Second, based on the advertised material:
- Product advertising – to promote products and services to an audience.
- Institutional advertising – to promote and strengthen the image of a company or organization.
- Government advertisements – to inform the public about new government initiatives, policies, or programs.
Third, based on the media used:
Newspaper. Newspapers can reach a broad audience in a specific geographic, both national and local. Because it is printed, it can be used as a reference at a later date. However, the newspaper ad was short-lived as it was only read once.
Magazine. This media reaches a specific audience, for example, by profession or hobby. Unlike newspapers, magazines have a longer shelf life because individuals are likely to reread them later.
Outdoor advertising. Examples of outdoor advertising are posters, billboards, and the interior and exterior of public transportation. They have high visibility and are more creative in attracting public attention. People can see it several times, so it is suitable for reminding consumers.
Radio. This media facilitates and reaches certain target groups, for example, youth. Besides, people can do a lot of their work while listening to the radio. But, in the absence of visuals, it may be less attractive and effective.
Television. Television advertising allows for a higher emotional connection with viewers because sound and visual effects grab their attention. Companies can also target specific markets, for example, adults, by choosing the right broadcast time.
Online. This can be via the web, blog, or social media. Compared to other media, its reach is the most extensive, national, and global audiences. They can access it anytime and anywhere, as long as they are connected to an internet network.
Advertising development stages
The typical stages for developing an advertisement are:
Set advertising goals. This is essential for designing the right advertising message. An advertisement may aim to generate sales, promote a company’s image and reputation, or inform a new product. They all require a different message.

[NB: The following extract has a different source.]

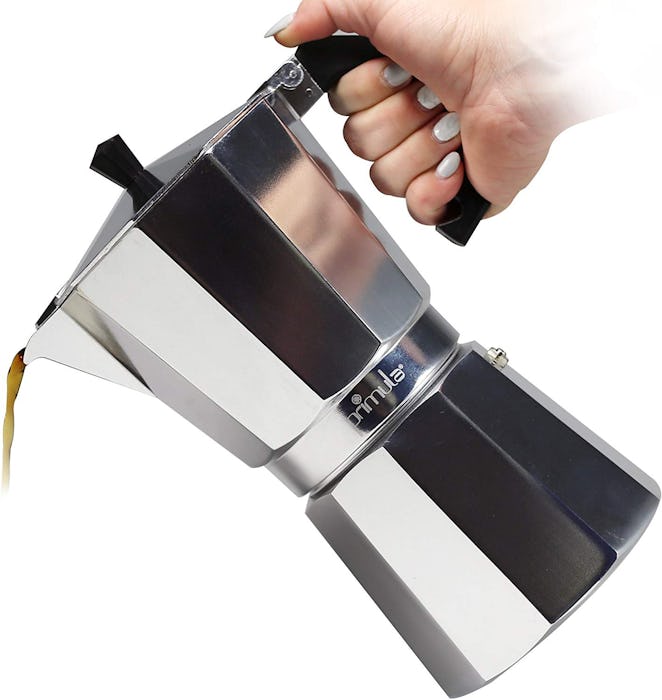 Primula Aluminum Espresso Maker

Decide on a budget. Companies usually consider factors such as the product life cycle stage, market share, customer base, competition, advertising frequency, and product substitutions in designing an advertising budget.
Companies can take several approaches to allocate money. Four of them are:
- An affordable method. Companies set budgets according to their internal capabilities. If they have little money, they allocate a low budget.
- Competitive parity method. The company uses competitors’ advertising budget as a benchmark. For example, a market leader may set a higher budget than the average competitor.
- The percentage of sales method. The company takes the percentage of last year’s sales realization or this year’s target sales to determine the budget.
- Objective and task method. Companies break down advertising goals into a series of specific activities and tasks. Then, the company sets the cost for each activity. Thus, the total budget is the sum of these costs.
Develop messages. Companies will usually add a creative aspect to increase the success of the message in achieving advertising goals.
Selects a media channel. The company selects the appropriate media from the various alternative media available. It may be television, radio, newspapers, magazines, posters, direct mail, billboards, websites, and social media.
Factors to consider in choosing advertising media include reach, frequency, and desired impact. Media timing is also essential for more precise exposure to the audience. Other factors are product type, cost, target audience habits, and each medium’s advantages and disadvantages.
Evaluating the effectiveness of advertising. Evaluation can take place before or after the ad is shown. One of the pre-testing is the copy test.
Meanwhile, an example of post-testing is the recall and recognition test by measuring its effect on audience awareness, knowledge, and preferences. Also, the impact on the sale of advertised products is another example of evaluation.